Fu Hongliang, Zhuang Zhihao, Wang Yang, Huang Chen, Duan Wenzhuo
College of Information Science and Engineering, Henan University of Technology, Zhengzhou 450001, China.
Henan Engineering Laboratory of Grain IOT Technology, Henan University of Technology, Zhengzhou 450001, China.
Entropy (Basel). 2023 Jan 7;25(1):124. doi: 10.3390/e25010124.

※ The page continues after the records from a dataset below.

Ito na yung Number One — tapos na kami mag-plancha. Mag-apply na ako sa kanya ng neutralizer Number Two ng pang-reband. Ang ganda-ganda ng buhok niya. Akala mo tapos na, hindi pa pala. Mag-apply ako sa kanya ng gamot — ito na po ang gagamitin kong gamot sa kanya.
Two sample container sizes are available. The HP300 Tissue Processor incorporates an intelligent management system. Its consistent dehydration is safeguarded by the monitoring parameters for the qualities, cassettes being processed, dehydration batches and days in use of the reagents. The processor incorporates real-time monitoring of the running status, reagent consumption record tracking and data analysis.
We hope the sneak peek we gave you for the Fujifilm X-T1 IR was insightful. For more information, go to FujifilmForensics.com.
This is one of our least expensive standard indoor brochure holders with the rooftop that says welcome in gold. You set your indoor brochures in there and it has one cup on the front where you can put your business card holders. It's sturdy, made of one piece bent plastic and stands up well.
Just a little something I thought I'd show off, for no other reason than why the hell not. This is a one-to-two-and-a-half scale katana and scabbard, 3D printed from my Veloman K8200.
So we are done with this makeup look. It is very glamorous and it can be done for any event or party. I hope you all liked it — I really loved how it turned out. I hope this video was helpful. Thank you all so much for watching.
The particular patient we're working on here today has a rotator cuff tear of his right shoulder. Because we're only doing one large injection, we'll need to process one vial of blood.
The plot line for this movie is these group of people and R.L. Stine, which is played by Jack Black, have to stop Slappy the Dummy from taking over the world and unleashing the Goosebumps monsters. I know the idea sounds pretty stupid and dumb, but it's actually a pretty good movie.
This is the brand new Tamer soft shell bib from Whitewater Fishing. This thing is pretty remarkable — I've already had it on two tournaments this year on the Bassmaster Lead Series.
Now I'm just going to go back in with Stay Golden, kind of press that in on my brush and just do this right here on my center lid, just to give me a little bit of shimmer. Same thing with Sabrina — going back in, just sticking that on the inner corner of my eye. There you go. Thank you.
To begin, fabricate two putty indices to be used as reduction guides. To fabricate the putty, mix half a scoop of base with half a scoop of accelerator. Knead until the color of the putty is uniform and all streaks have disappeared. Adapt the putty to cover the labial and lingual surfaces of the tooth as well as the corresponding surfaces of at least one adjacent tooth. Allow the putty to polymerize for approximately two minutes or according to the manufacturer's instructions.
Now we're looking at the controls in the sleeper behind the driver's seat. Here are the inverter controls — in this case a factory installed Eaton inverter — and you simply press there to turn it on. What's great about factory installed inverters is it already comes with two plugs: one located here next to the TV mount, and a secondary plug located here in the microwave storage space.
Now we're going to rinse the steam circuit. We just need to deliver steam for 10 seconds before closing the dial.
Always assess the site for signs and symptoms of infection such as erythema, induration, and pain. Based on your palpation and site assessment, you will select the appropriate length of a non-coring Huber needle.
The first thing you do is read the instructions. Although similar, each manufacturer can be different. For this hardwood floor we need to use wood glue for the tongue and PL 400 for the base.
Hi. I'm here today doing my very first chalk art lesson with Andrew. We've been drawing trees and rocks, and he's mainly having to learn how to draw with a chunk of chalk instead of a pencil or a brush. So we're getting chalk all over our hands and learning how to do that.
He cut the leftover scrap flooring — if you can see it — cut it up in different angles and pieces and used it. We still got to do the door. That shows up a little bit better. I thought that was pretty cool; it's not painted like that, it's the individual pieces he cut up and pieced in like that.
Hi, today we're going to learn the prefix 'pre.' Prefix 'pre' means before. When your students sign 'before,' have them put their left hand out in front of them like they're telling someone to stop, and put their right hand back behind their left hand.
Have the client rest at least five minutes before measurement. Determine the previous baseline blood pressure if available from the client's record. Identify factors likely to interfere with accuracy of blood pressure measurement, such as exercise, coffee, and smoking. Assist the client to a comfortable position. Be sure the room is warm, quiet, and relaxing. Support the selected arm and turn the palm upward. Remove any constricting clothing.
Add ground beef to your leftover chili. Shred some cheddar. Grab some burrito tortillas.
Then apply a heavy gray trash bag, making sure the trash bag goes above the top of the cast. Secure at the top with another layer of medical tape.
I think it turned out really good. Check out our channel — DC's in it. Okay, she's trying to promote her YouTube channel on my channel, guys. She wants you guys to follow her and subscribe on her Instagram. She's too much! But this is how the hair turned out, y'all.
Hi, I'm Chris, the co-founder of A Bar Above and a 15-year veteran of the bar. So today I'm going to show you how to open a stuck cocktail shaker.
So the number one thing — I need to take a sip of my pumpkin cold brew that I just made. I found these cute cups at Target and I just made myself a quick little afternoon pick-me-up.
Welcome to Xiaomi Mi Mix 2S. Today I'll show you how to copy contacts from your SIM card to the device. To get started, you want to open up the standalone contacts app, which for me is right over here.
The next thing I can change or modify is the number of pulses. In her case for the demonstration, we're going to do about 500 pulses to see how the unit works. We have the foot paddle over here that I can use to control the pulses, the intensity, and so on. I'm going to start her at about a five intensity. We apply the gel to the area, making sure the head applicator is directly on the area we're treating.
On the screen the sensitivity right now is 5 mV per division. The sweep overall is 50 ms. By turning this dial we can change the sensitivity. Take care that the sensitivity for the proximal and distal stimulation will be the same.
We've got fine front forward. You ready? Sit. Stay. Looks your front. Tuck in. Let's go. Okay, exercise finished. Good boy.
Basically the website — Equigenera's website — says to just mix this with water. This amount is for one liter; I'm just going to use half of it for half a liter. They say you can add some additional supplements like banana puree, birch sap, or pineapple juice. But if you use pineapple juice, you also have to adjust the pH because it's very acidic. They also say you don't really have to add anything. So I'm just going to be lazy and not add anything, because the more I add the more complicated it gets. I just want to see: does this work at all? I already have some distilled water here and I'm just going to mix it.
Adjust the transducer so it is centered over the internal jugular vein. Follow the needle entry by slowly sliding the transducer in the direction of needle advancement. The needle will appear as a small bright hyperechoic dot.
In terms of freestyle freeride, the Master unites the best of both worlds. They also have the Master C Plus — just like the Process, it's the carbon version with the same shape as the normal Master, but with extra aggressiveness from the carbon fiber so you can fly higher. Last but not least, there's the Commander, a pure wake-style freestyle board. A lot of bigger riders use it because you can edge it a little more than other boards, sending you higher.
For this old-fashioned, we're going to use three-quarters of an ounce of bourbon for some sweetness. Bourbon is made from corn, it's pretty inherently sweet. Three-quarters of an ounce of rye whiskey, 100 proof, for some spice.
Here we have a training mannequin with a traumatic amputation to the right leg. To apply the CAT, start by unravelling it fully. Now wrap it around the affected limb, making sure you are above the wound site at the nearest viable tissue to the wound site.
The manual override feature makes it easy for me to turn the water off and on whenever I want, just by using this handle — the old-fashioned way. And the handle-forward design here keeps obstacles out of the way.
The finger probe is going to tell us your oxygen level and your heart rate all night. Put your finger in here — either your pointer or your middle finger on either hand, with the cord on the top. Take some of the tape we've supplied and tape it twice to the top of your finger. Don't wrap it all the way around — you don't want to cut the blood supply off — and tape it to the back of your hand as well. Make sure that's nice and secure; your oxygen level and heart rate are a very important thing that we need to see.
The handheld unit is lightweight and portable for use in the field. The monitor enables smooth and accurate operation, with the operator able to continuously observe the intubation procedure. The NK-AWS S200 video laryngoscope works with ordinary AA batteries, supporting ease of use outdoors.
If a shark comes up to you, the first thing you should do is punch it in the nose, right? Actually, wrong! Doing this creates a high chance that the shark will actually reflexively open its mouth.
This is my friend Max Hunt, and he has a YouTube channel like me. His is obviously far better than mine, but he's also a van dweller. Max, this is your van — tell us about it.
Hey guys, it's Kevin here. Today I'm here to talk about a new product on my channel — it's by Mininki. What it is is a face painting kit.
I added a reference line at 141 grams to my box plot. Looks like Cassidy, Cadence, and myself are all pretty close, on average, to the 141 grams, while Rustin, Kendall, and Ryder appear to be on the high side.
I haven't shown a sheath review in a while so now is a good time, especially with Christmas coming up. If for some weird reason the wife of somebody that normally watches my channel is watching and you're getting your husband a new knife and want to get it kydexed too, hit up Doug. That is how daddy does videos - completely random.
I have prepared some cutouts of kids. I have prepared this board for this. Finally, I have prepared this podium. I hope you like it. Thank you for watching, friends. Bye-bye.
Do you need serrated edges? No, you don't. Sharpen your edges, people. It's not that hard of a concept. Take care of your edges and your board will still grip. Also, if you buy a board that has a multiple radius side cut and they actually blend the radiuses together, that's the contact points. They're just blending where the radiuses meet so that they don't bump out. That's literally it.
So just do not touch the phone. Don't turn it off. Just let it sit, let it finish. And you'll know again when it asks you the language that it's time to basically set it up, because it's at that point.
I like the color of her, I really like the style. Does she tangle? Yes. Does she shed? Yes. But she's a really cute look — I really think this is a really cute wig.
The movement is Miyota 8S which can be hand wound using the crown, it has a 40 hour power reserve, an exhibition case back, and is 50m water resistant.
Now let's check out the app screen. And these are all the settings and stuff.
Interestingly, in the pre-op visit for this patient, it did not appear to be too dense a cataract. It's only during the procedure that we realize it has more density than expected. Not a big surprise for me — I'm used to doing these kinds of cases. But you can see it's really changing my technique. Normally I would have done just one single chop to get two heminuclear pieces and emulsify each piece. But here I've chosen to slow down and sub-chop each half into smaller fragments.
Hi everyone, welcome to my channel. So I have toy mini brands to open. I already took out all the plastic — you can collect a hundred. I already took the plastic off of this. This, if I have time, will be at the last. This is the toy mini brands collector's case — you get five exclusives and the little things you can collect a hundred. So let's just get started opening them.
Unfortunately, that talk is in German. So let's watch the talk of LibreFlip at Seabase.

To solve the problem of feature distribution discrepancy in cross-corpus speech emotion recognition tasks, this paper proposed an emotion recognition model based on multi-task learning and subdomain adaptation, which alleviates the impact on emotion recognition. Existing methods have shortcomings in speech feature representation and cross-corpus feature distribution alignment. The proposed model uses a deep denoising auto-encoder as a shared feature extraction network for multi-task learning, and the fully connected layer and softmax layer are added before each recognition task as task-specific layers. Subsequently, the subdomain adaptation algorithm of emotion and gender features is added to the shared network to obtain the shared emotion features and gender features of the source domain and target domain, respectively. Multi-task learning effectively enhances the representation ability of features, a subdomain adaptive algorithm promotes the migrating ability of features and effectively alleviates the impact of feature distribution differences in emotional features. The average results of six cross-corpus speech emotion recognition experiments show that, compared with other models, the weighted average recall rate is increased by 1.89~10.07%, the experimental results verify the validity of the proposed model.
为解决跨语料库语音情感识别任务中的特征分布差异问题,本文提出了一种基于多任务学习和子域自适应的情感识别模型,该模型减轻了对情感识别的影响。现有方法在语音特征表示和跨语料库特征分布对齐方面存在不足。所提出的模型使用深度去噪自动编码器作为多任务学习的共享特征提取网络,并在每个识别任务之前添加全连接层和softmax层作为特定任务层。随后,将情感和性别特征的子域自适应算法添加到共享网络中,分别获得源域和目标域的共享情感特征和性别特征。多任务学习有效地增强了特征的表示能力,子域自适应算法促进了特征的迁移能力,并有效减轻了情感特征中特征分布差异的影响。六个跨语料库语音情感识别实验的平均结果表明,与其他模型相比,加权平均召回率提高了1.89%~10.07%,实验结果验证了所提模型的有效性。